Oh, and much of the book is dedicated to his personal account of the complete economic devastation Kansas is currently experiencing due to the “lower taxes” of which you speak. Yeah, you forgot to mention that those lower taxes are for corporations such as Westar, Aquila, and Sprint; remember when all those companies laid thousands of people off and still paid their CEOs millions in severance packages? Ah, those were good times for every working man. If people are moving out to the red states (I don’t know what statistics you are quoting here), it’s because the economy sucks, you cut their welfare, education, and health care, and they can no longer afford to live in the cities.

They’re not moving for the churches, and they don’t vote for Mr.
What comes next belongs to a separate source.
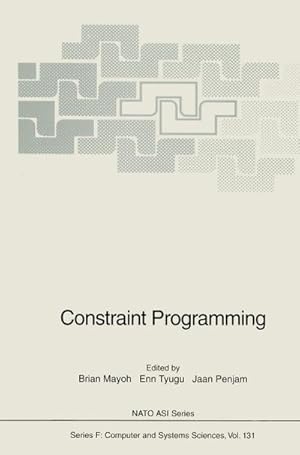 Imagen del vendedor de Constraint Programming a la venta por AHA-BUCH GmbH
Bush simply because he reads the Bible every day. One of the main reasons they like him is that he gets bashed so often. When Jon Stewart sneers at him, they empathize because they’re used to being sneered at themselves.

Why is it you think John Stewart is sneering at the president? Because he’s a hick? News flash, you fucking moron: there hasn’t been a northerner *Democratic* president for 42 years. We hate Bush because his policies are not in line with our political opinions, not because he’s a hick. Stop telling everyone that we’re elitist just because we disagree with your views. And he’s not even a real hick anyways; he went to Yale, for christ’s sake.
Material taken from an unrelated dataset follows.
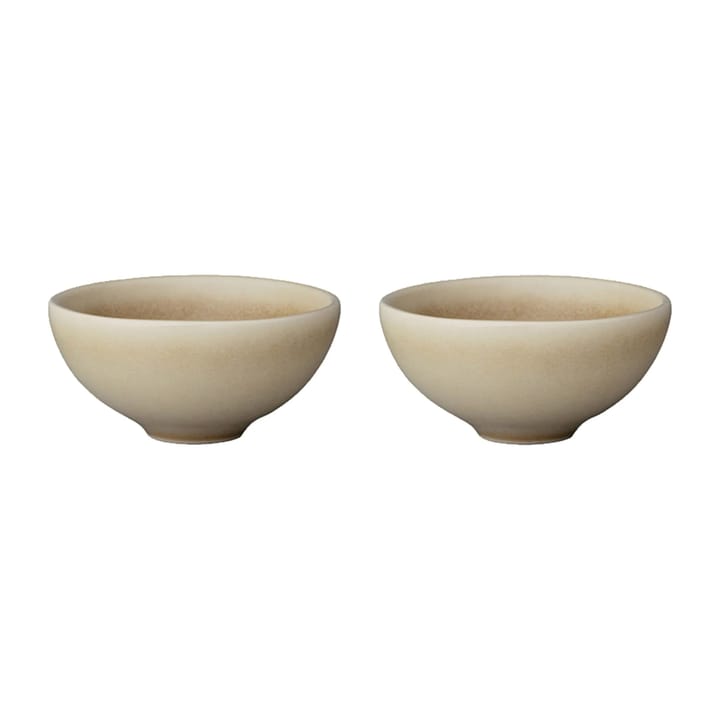 Daga bowl Ø5 cm 2-pack, Oat PotteryJo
They know what their image is in Manhattan and Hollywood, and they know they’re not all that different from the Democrats in those places. They, too, watch “Desperate Housewives,” and they’re not surprised to hear Laura Bush doing Chippendales jokes. They’ve spent their own dollar bills there. They don’t see anything the matter with that – or with themselves.

Oh, oh, we’re not that different? Really? Hmm, that kinda sounds like what I’VE BEEN SHOUTING FROM THE ROOFTOPS FOR THE LAST 5 YEARS. Oh, and one more thing. The next time you plan to accuse me of turning up my nose at middle america, could you please remind yourself just who owns Manhattan and Hollywood? Cause last time I checked, Republicans seem to be the ones running things these days.